Selain itu, Indonesia Corruption Watch (ICW) turut menyoroti program digitalisasi sekolah yang dilakukan Kementerian Pendidikan, Kebudayaan, Riset, dan Teknologi (kemendikbudristek) yang akan dilakukan melalui pengadaan perangkat TIK, dilansir Gatra.
Dewi Anggarini, Peneliti ICW mengatakan, pihaknya belum menemukan adanya rencana pengadaan 189.840 unit laptop di dalam Sistem Informasi Rencana Umum Pengadaan (SIRUP) LKPP.
Padahal, dalam rencana tersebut telah disediakan sekitar 200 ribu unit seperti yang dikatakan oleh pihak kemendikbud dalam keterangan di berbagai media.
“Yang kami belum temukan terkait perencanaan laptop di platfrom SIRUP LKPP. Kalau di media dikatakan ada hampir 200 ribu unit, yang kami temukan ini belum tertera diperencanaan pengadaan Kemendikbud,” terang Dewi dinukil Gatra.
Lebih lanjut, Dewi juga mengatakan, pihak Kemendikbudristek belum menyiapkan secara matang skema perencanaan unit laptop tersebut. Hal inilah yang menurut ICW rawan menjadi celah potensi korupsi, tulis Gatra.
Sebab, informasi di rencana umum pengadaan Kemendikbudristek pun Dewi mengakui sampai saat ini belum tersedia.
“Kalau perencanaan seperti ini seharusnya sudah diinformasikan dari jauh-jauh tahun, bukan jauh-jauh hari lagi,” ujar Dewi kepada TrenAsia.
“Kemudian pengadaan yang tidak sesuai kebutuhan untuk saat ini. Kemudian juga dapat timbul persaingan tidak sehat karena syarat penyedia masuk ke E-Catalog ini kan TKDN, ini hanya dimiliki beberapa penyedia saja,” sambung Dewi.
Di tempat terpisah, Pengamat kebijakan publik dari Universitas Trisakti, Trubus Rahadiansyah, kepada TrenAsia mengatakan, kebijakan program pengadaan laptop untuk sekolah ini bukan kebijakan yang tepat di tengah pandemi ini.

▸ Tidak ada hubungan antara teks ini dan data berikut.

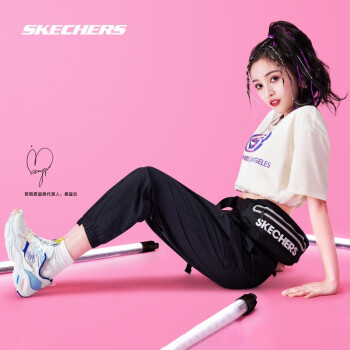 【吴宣仪同款】skechers斯凯奇2021年 女子百搭老爹鞋网面舒适透气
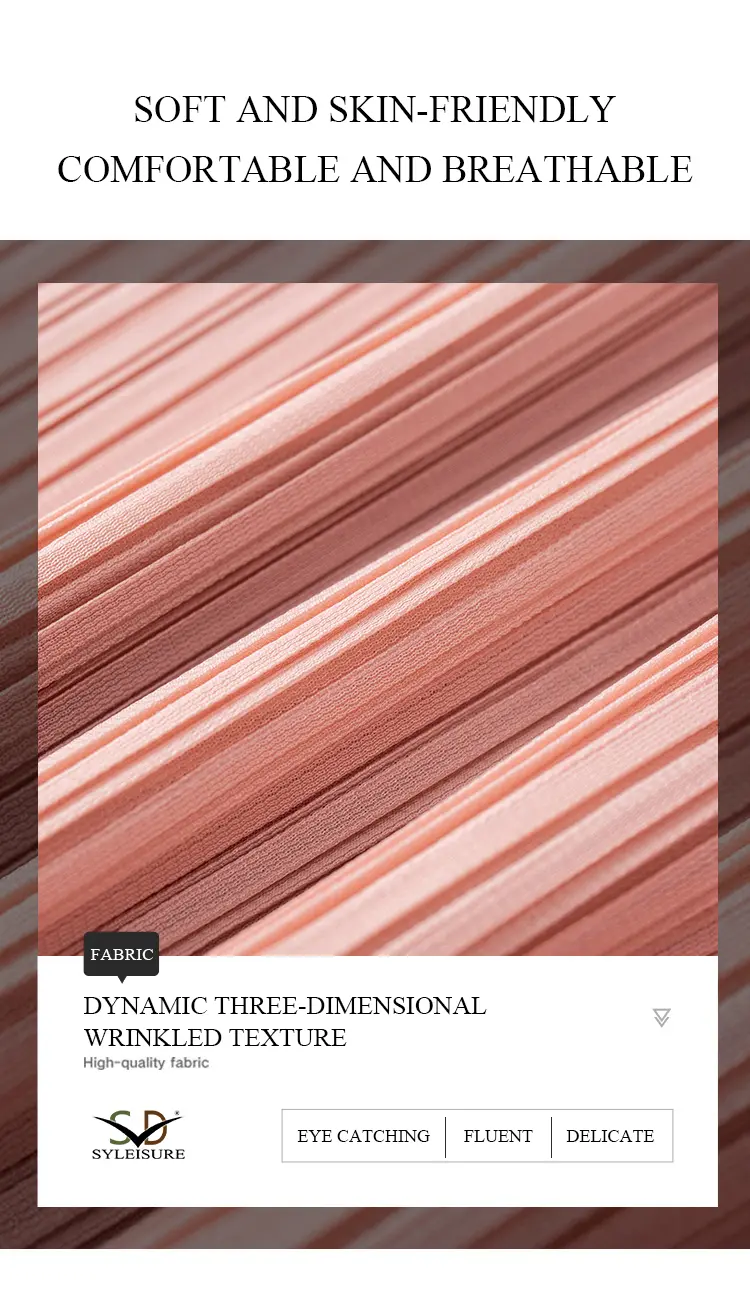 Women's Pleated Long - Sleeve Asymmetric Top (6)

Trubus menilai, keadaan pendidikan Indonesia yang masih didominasi pembelajaran jarak jauh sejak tahun lalu, sehingga pengadaan laptop sekolah dinilai tidak efektif, terlebih anggaran yang digunakan sangat fantastis, tulis TrenAsia.
Lebih lanjut, ia menyarankan agar pemerintah fokus meningkatkan infrastruktur jaringan internet berkecepatan tinggi di daerah-daerah yang sebelumnya tidak terjangkau.
Berdasarkan data Kementerian Komunikasi dan Informatika (Kemenkominfo) yang dihimpun TrenAsia, seluruh provinsi di Indonesia memang sudah terkoneksi jaringan fiber optik. Namun, secara keseluruhan baru sekitar 36% wilayah Indonesia yang terkoneksi jaringan internet berkecepatan tinggi tersebut.
Trubus juga mendorong pemerintah untuk dapat selalu memberikan bantuan kuota internet gratis untuk kegiatan belajar mengajar, terutama di tengah pandemi COVID-19.